B.    Alokasi waktu dalam membaca buku  Pragmatik karangan George Yule, berdasarkan teknik power reading

Penelitian Power reading dalam buku Paragmatik karangan George Yule dilakukan dalam jangka waktu tujuh hari (satu minggu). 
Pada hari pertama, dan kedua , peneliti membaca buku ini dalam sekali duduk dan menghabiskan waktu selama dua jam tuju puluh menit (2,7 jam) untuk membaca sekaligus memahami keseluruhan isi buku, peneliti menghabiskan waktu dua puluh (20) menit untuk dapat memahami isi buku tiap babnya.
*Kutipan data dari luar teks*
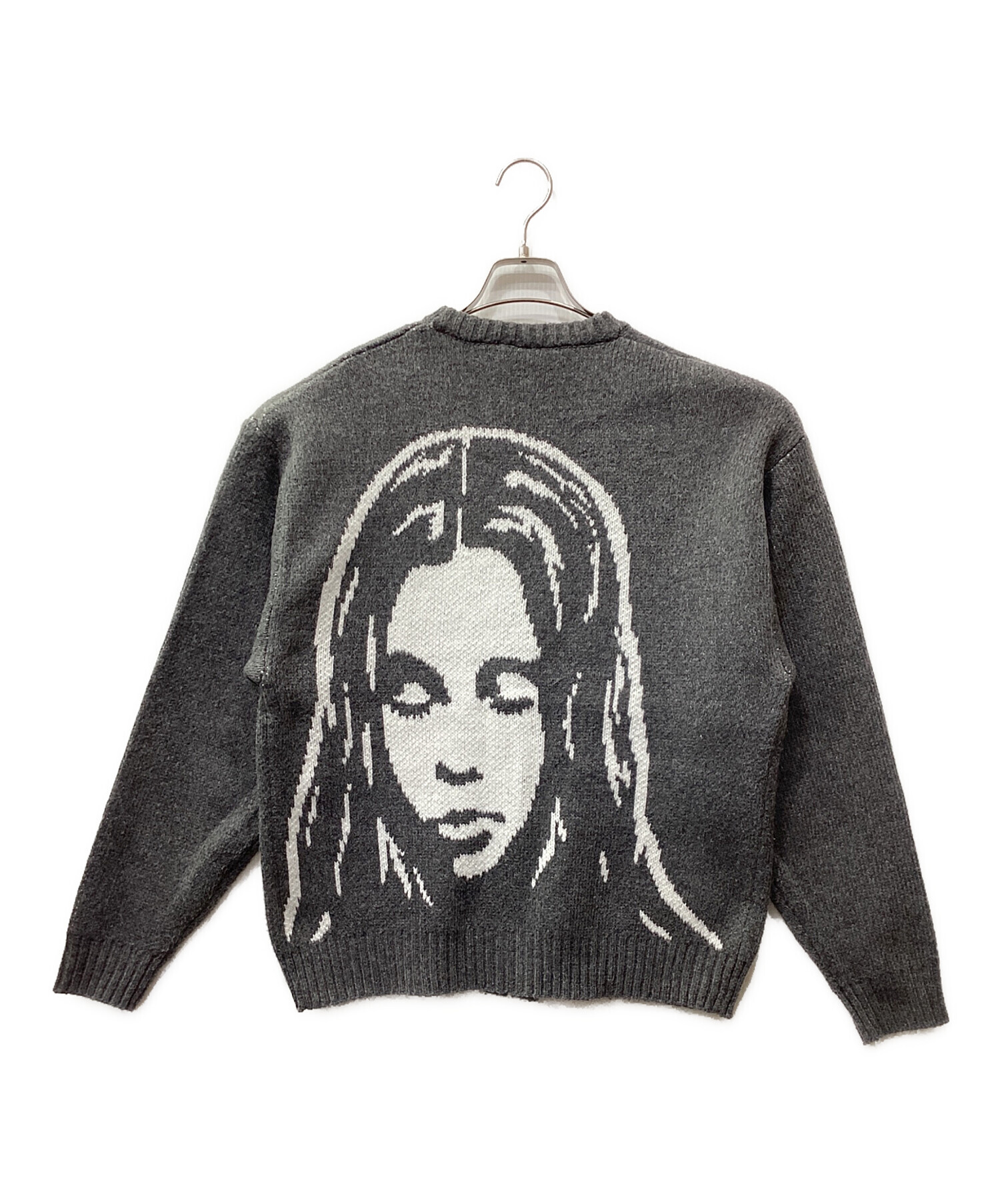 中古・古着通販】X-GIRL (エックスガール) FACE KNIT CARDIGAN グレー
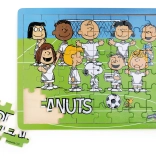 Drevené puzzle Snoopy a futbal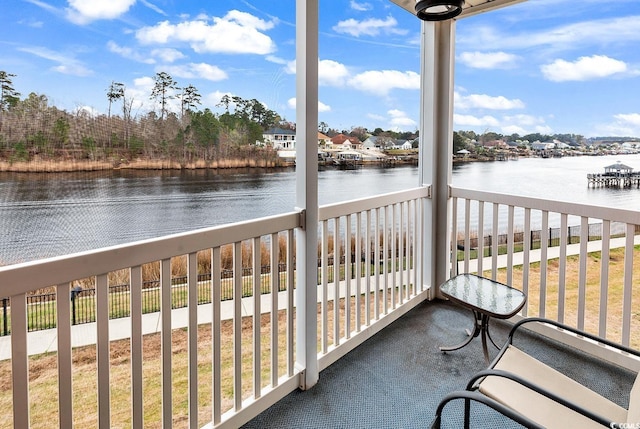 balcony with a water view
Setelah dirata-ratakan untuk menemukan gagasan utama tiap halamam buku setiap babnya diperlukan waktu sekitar 20  detik. Dalam membaca halaman tiap babnya, peneliti berhenti pada bagian yang sulit dan mengkaji kaitan antara berbagai gagasan dan argument untuk memahami isi pola buku. Dibaca dengan bersuara pada bagian yang sulit agar lebih cepat dipahami. Peneliti juga membuat ringkasan singka agar membantu memahami isi buku, waktu yang diperlukan setiap babnya 4 menit, 40 menit seluruh isi buku.
 Setelah itu peneliti melakukan penelitian pada hari kedua dan ketiga, .Hasil yang diperoleh yaitu peneliti membaca kembali buku ini dalam sekali duduk dan menghabiskan waktu selama dua jam (2 jam), peneliti menghabiskan waktun lima belas menit (15 menit) untuk dapat memahami isi buku tiap babnya. peneliti menghabiskan waktu dua puluh (20) menit untuk dapat memahami isi buku tiap babnya. Setelah dirata-ratakan untuk menemukan gagasan utama tiap halamam buku setiap babnya diperlukan waktu sekitar 15  detik. Dalam membaca halaman tiap babnya, peneliti berhenti pada bagian yang sulit dan mengkaji kaitan antara berbagai gagasan dan argument untuk memahami isi pola buku. Dibaca dengan bersuara pada bagian yang sulit agar lebih cepat dipahami. Peneliti juga membuat ringkasan singkat agar membantu memahami isi buku, waktu yang diperlukan setiap babnya 4 menit, 40 menit seluruh isi buku. Dalam tempo waktu tersebut peneliti dapat memahami keseluruhan isi buku.
Pada hari kelima dan keenam, peneliti membaca ulang buku ini dalam sekali duduk dan menghabiskan waktu selama dua jam (2 jam), peneliti menghabiskan waktun lima belas menit (15 menit) untuk dapat memahami isi buku tiap babnya. peneliti menghabiskan waktu dua puluh (20) menit untuk dapat memahami isi buku tiap babnya. Setelah dirata-ratakan untuk menemukan gagasan utama tiap halamam buku setiap babnya diperlukan waktu sekitar 15  detik. Dalam membaca halaman tiap babnya, peneliti berhenti pada bagian yang sulit dan mengkaji kaitan antara berbagai gagasan dan argument untuk memahami isi pola buku. Dibaca dengan bersuara pada bagian yang sulit agar lebih cepat dipahami. Peneliti juga membuat ringkasan singkat agar membantu memahami isi buku, waktu yang diperlukan setiap babnya 4 menit, 40 menit seluruh isi buku. Dalam tempo waktu tersebut peneliti dapat memahami keseluruhan isi buku.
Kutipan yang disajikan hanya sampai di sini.